Assuming that the language is passed by the Senate and survives the reconciliation process with the House, "it definitely preserves the funding for Middle Fork, because we'll be able to get everything done and have construction authorization by Sept. 30," Furman said.

And if the term "obligated" simply means the county has a contract with NCDOT for the project, then the Brookshire Park underpass project should be safe as well, he said. The county's agreement with NCDOT requires the project to be completed by July 31, 2015.

"It looks better today than it did last week," Furman said Friday, "but we're not there yet."
Any differences between the House and Senate versions of bills must be reconciled before the bill is enacted. Because the bicycle and pedestrian provision was not in the House version of H817, it will be among the differences to be negotiated if passed by the Senate.

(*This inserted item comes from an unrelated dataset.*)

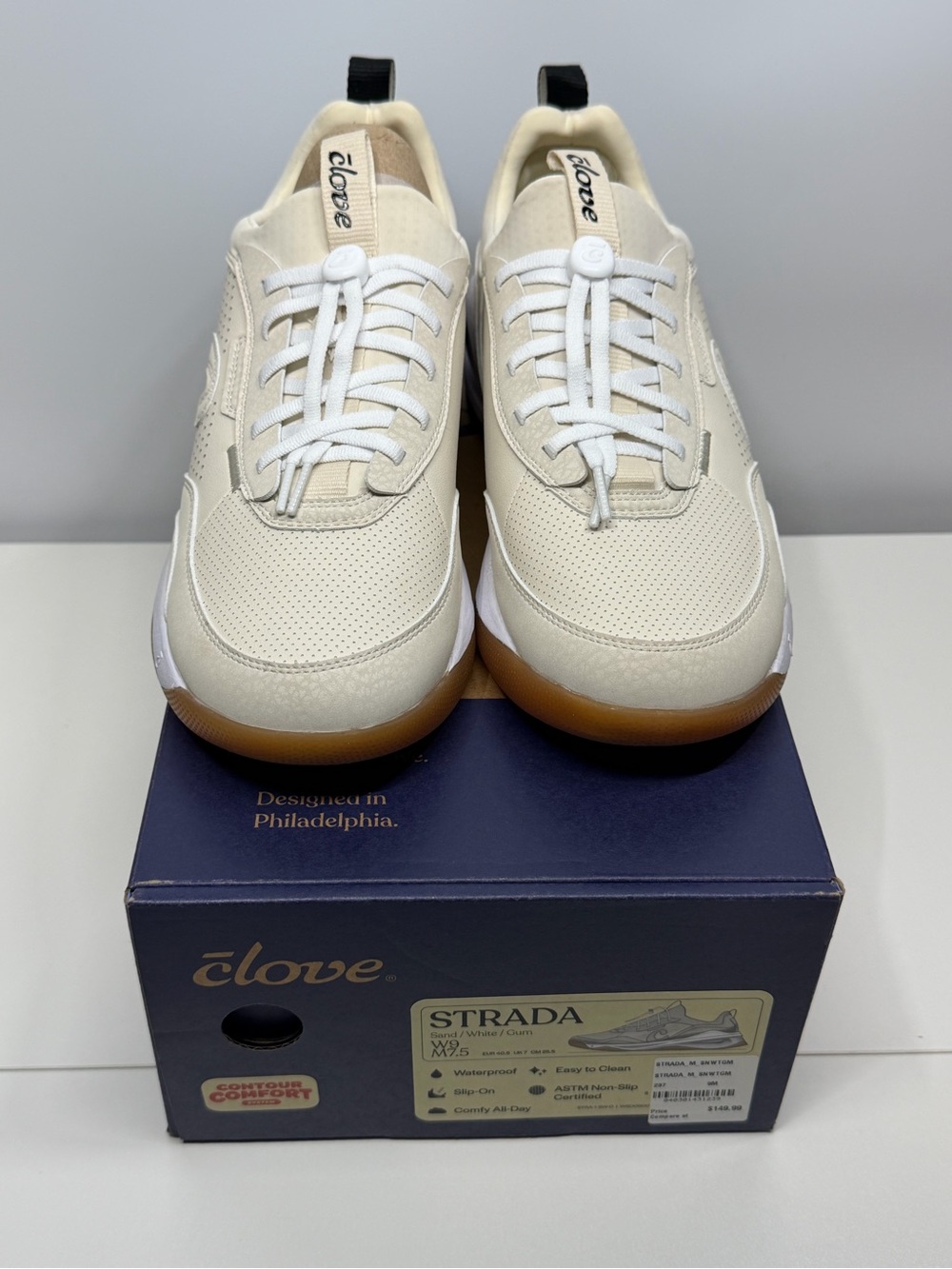 NWT Clove Strada Waterproof Non-Slip Shoes Sand White Gum Women’s 9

The same goes for the budget bill, which first passed the Senate and is now under consideration by the House.

On Friday, the House Appropriations Subcommittee on Transportation released its draft of the House transportation budget, which currently does not include a provision limiting bicycle and pedestrian funding.

Rep. Jonathan Jordan of Jefferson said the full House Appropriations Committee will consider the House budget bill on Tuesday, with budget consideration on the House floor expected Wednesday and Thursday.
"I've gotten a few emails about the greenway project," he said Thursday. "I'll be following up to make sure ... to see if we can cover that in the House budget somewhere. Hopefully we can prevent any problems with any projects in our area."

Not everyone is as enthusiastic as others about the planned trail projects. County commissioners Perry Yates and David Blust last month voted against an environmental assessment contract for the 421 underpass. Blust expressed concerns about the future costs of maintaining the trail. The contract was approved by a 3-2 vote, however.